St. John's can improve its academic profile and reputation without harming its finances or its mission. It can exit Staten Island andsell the Staten Island campus. It can remove the departments in the College of Professional Studies that overlap with the other colleges. Doing this should allow it to reduce its incoming classes by 10-20%. Just because we want to make education accessible to the poor doesn't mean we have to accept mediocre students just because they are poor. This will also improve our retention rates.
I spoke to Peter D'Angelo a couple of years ago at a Loughlin dinner about the University's poor academic reputation and he said that, I'm paraphrasing, "We don't want' to be Boston College." Seriously. We are barely at Adelphi's level. This showed me how the Board is blind to the real perception of the school and how that is hurting the majority of students who are excellent and aren't getting the opportunities they should if St. John's reputation was better.
What is the business case for reducing the size of SJU's incoming class by 10-20%? So let's use the higher number, which presumably would cut freshmen generated revenue by 20%. Do we cut faculty and staff to offset the loss of revenue? Improving academic profile is a gradual endeavor. What I've heard over and over at Villanova when I encountered an alumni parent of a current student there was "I probably couldn't get into the school now." Of course, Villanova has under 7,000 students, and comparitively, their alumni are about 3-4x as generous as ours. since their endowment is about the same as St Johns with a much smaller base.
Would it then take a financial commitment from alumni to upgrade the academic profile, to offset revenue losses caused by cutting the size of class? What would be the catalyst for better students coming here? I would assume several things influence better students: 1) More scholarship money 2) Amenities on campus, like upscale health clubs, state of the art classrooms, great food at cafeterias, beautiful buildings and common areas, coffee shops, movie theatres. 3) Better faculty 4) Strong networks for internships and job opportunities.
We have some of these things. I understand that 95% of students on campus receive some tuition reduction. The campus has been vastly improved, but I don't know about amenities mentioned above. Do we have a top notch faculty, or one that engages students? Is there a strong connection between the career center and alumni to place students in internships and jobs?
I have done a recent college tour for one of my kids. I was at BC last week, and the campus is absolutely incredible - if it were a hotel it would be 5 stars plus. New buildings are stone, matching old buildings. Older buildings have and are being renovated inside and out and look brand spanking new. Students rave about the food, about the spirit on campus. They boast about a very strong internship program. When I asked where most internships are, and if they were around Boston, they said no, most were in NYC.

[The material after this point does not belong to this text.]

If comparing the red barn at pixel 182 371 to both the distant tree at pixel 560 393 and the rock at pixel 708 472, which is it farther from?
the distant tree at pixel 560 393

So, one of the most important factors in upgrading a school's academic profile, presuming you had an interested administration, is an alumni base that is there to provide money for scholarships and improved amenities, and also to provide internships and jobs.
It's frustrating because I recently tried to reach out to the school to establish just that - internships and job opportunities for students in a closely related major to my business. Instead of strongly engaging the reason fro my call, I instead was called for a lunch meeting and got hit with a donation request. I made a doantion, and am still waiting for the curriculum that I requested. I found that there is really no mechanism for career services to build these types of bridges, or at least very low interest or total incompetents.
In effect, if you want to improve the academic standing, it would take a complete overhaul of the infrastructure at SJU. Considering the chief of staff was hired at age 24, with no outside experience as such, this pretty much tells you all you need to know about the quality of admnistration at St Johns.
Perhaps the next "CEO" of St. John's will have an interest in improving academics. Well to me, it would be nice if the next Vincentian wouldn't be boastful about the number of non-Catholics on campus, as stated in the article.